A return can accomplish something similar to the if/elif structure, which is why we have not really needed if/elif up until now. Suppose we are doing the vowel-swap algorithm, but in a function that processes a single char. This is our pick-off strategy, exiting the function once a solution is known.

def swap_ch(ch):
    """Vowel-swap on one char."""
    if ch == 'e':
        return 'a'
    if ch == 'a':
        return 'i'
    if ch == 'i':
        return 'e'
    return ch

Since the return exits the function, we get in effect the if/elif behavior. Once an if-test succeeds, the later ones are skipped.

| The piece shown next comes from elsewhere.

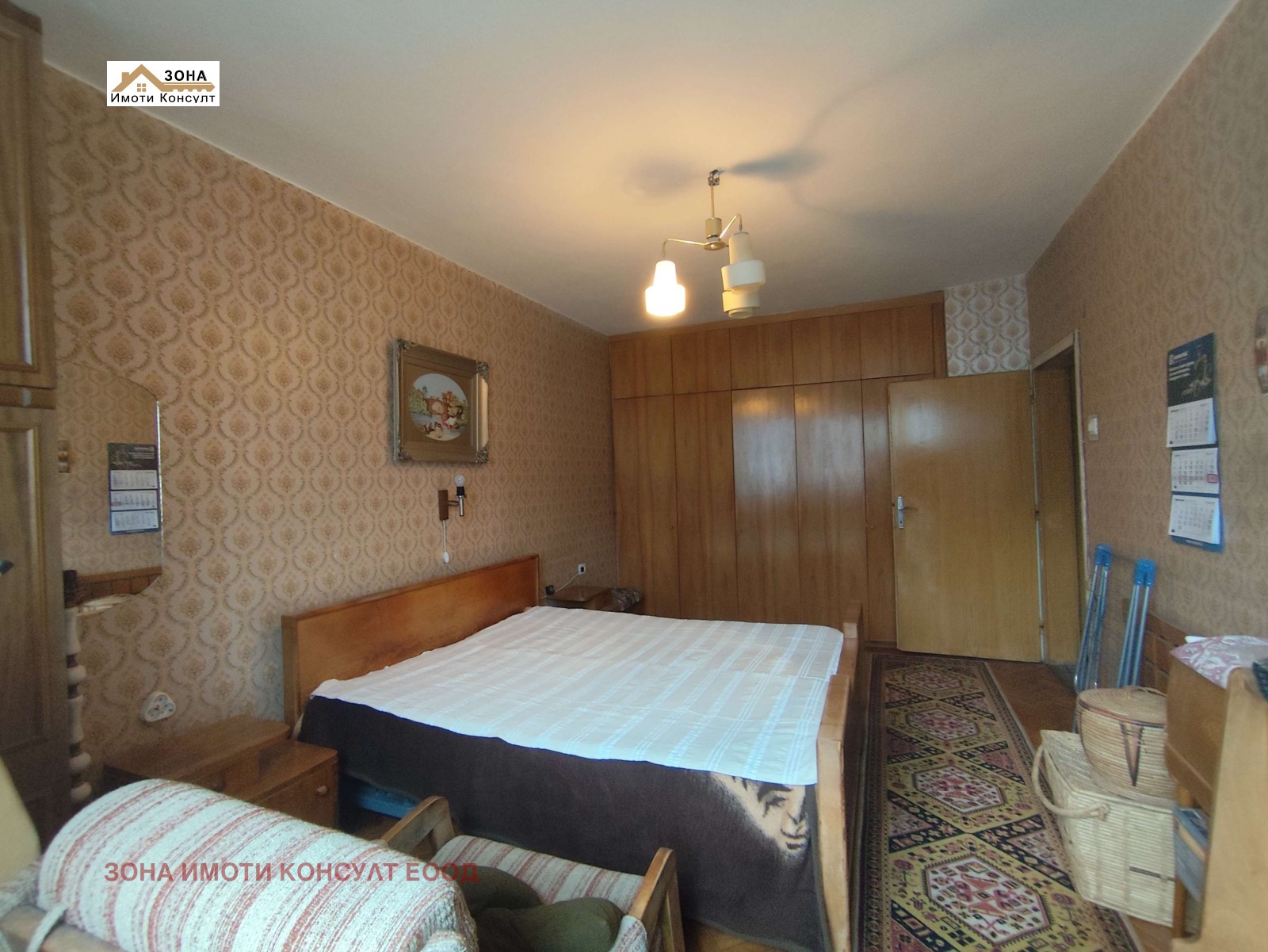 ������� 3-����� | Imot.bg � ����������� 8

However, the full-string vowel_swap() above cannot use return like this, as it needs to keep running the loop to do the other characters. We need to handle each char in the loop but without leaving the function, and for that, the if/elif is perfect.

Later Practice: str_adx()

> str_adx()

str_adx(s): Given string s. Return a string of the same length. For every alphabetic char in s, the result has an 'a', for every digit a 'd', and for every other type of char the result has an 'x'. So 'Hi4!x3' returns 'aadxad'. Use an if/elif structure.


String .find()

alt:string 'Python' shown with index numbers 0..5

>>> s = 'Python'
>>> 
>>> s.find('th')
2
>>> s.find('o')
4
>>> s.find('y')
1
>>> s.find('x')
-1
>>> s.find('N')
-1
>>> s.find('P')
0

Strategy: Dense = Slow Down

Python String Slices 1

alt:string 'Python' shown with index numbers 0..5

>>> s = 'Python'
>>> s[1:3]    # 1 .. UBNI
'yt'
>>> s[1:5]
'ytho'
>>> s[4:5]
'o'
>>> s[4:4]    # "not including" dominates
''

Slices 2 - Can Omit Start/End Numbers

alt:string 'Python' shown with index numbers 0..5

>>> s[:3]     # omit num = from/to end
'Pyt'
>>> s[:4]
'Pyth'
>>> s[4:]     # split str at 4
'on'
>>> s[4:999]  # too big = through the end
'on'
>>> s[:]      # the whole thing
'Python'

brackets() Strategy - Drawing vs. OBO Errors

This is a nice example. The code is dense, but the details can be managed with careful use of variables and a drawing. This code can easily fail with Off-By-One (OBO) errors, but we try to proceed carefully and get each line exactly right. Or more simply — don't try to do it in your head.

Example: brackets()

> brackets

'cat[dog]bird' -> 'dog'

brackets(s): Look for a pair of brackets '[...]' within s, and return the text between the brackets, so the string 'cat[dog]bird' returns 'dog'. If there are no brackets, return None. If the brackets are present, there will be only one of each, and the right bracket will come after the left bracket.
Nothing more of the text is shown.